Sec. 9. (a) A parolee confined due to an alleged violation of his parole shall be afforded a parole revocation hearing by the department within sixty (60) days after his arrest. A parolee who is not confined and against whom is pending a charge of parole violation shall be afforded a parole revocation hearing within one hundred eighty (180) days after the date an order was issued for his appearance at a parole revocation hearing or the date of his arrest on the parole violation warrant, whichever is earlier. The purpose of the hearing is to determine whether a violation of a condition of parole has occurred and, if so, the appropriate action. In connection with the hearing the parolee is entitled to those procedural safeguards enumerated in section 8(a) of this chapter, plus representation by counsel and, if indigent, to have counsel appointed for him. The parolee may offer evidence in mitigation of the alleged violation.

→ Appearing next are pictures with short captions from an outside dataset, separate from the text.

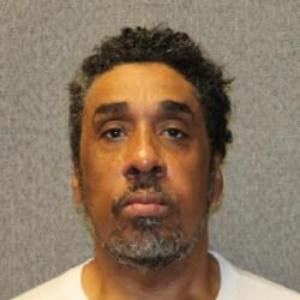 Michael Paskel a registered Sex Offender of Wisconsin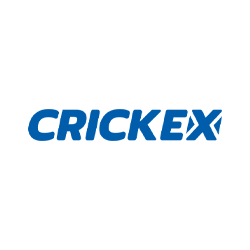 crickex site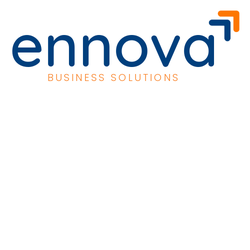 Ennova Solutions d'affaires HR Consulting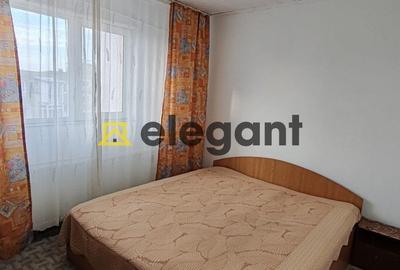 2 camere, modern, centrala, AC, Craiovita Noua, Scoala 33 - 3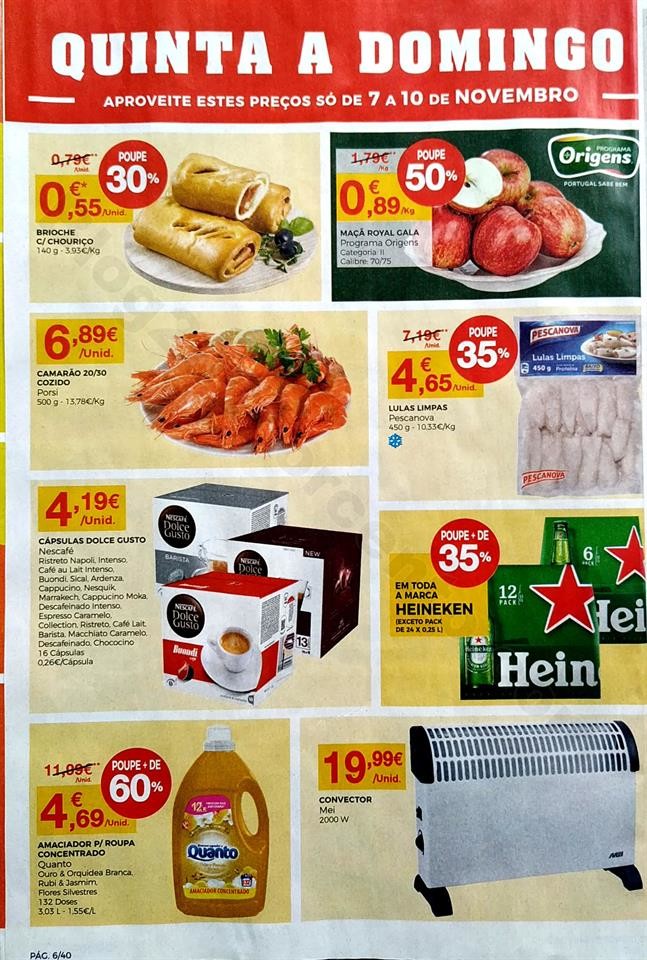 folheto Intermarché 7 a 13 novembro_6.jpg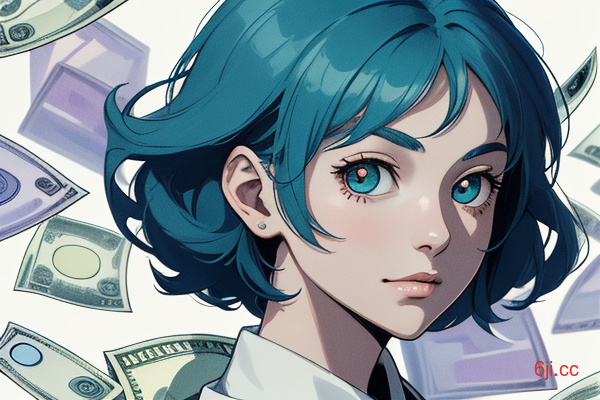 5万元存定期一年利息多少钱啊（存5万块钱定期一年利息多少）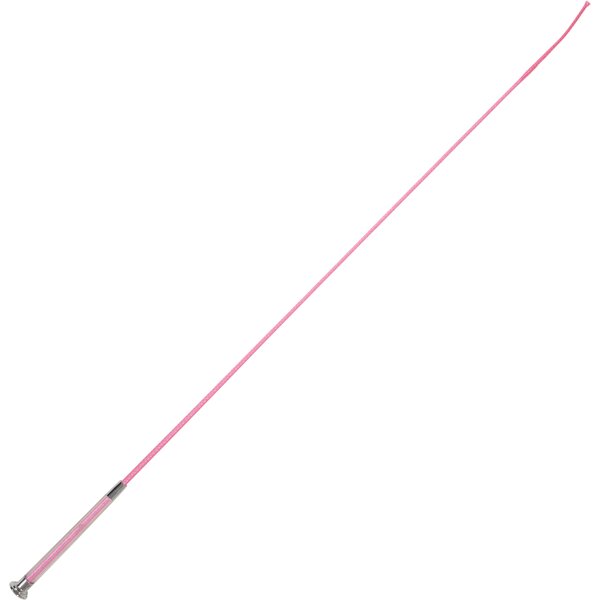 black forest dressuurzweep Reflex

(b) The parolee's parent, guardian, or custodian is entitled to be present at the hearing. The department shall give the parent, guardian, or custodian notice of the hearing.
(c) if it is determined from the evidence presented that the parolee did not commit a violation of a condition of parole, the charge shall be dismissed.
(d) If the department finds that the parolee did violate a condition of his parole, it may continue him on parole, with or without modifying the conditions, or revoke the parole and order him confined on either a continuous or intermittent basis.
(e) The department shall provide the parolee with a written statement of the reasons for the action taken under subsection (d), if parole is revoked.
(f) Unless good cause for the delay is established in the record of the proceeding, the parole revocation charge shall be dismissed if the revocation hearing is not held within the time established by subsection (a).
As added by Acts 1979, P.L.120, SEC.6. Amended by Acts 1980, P.L.87, SEC.8.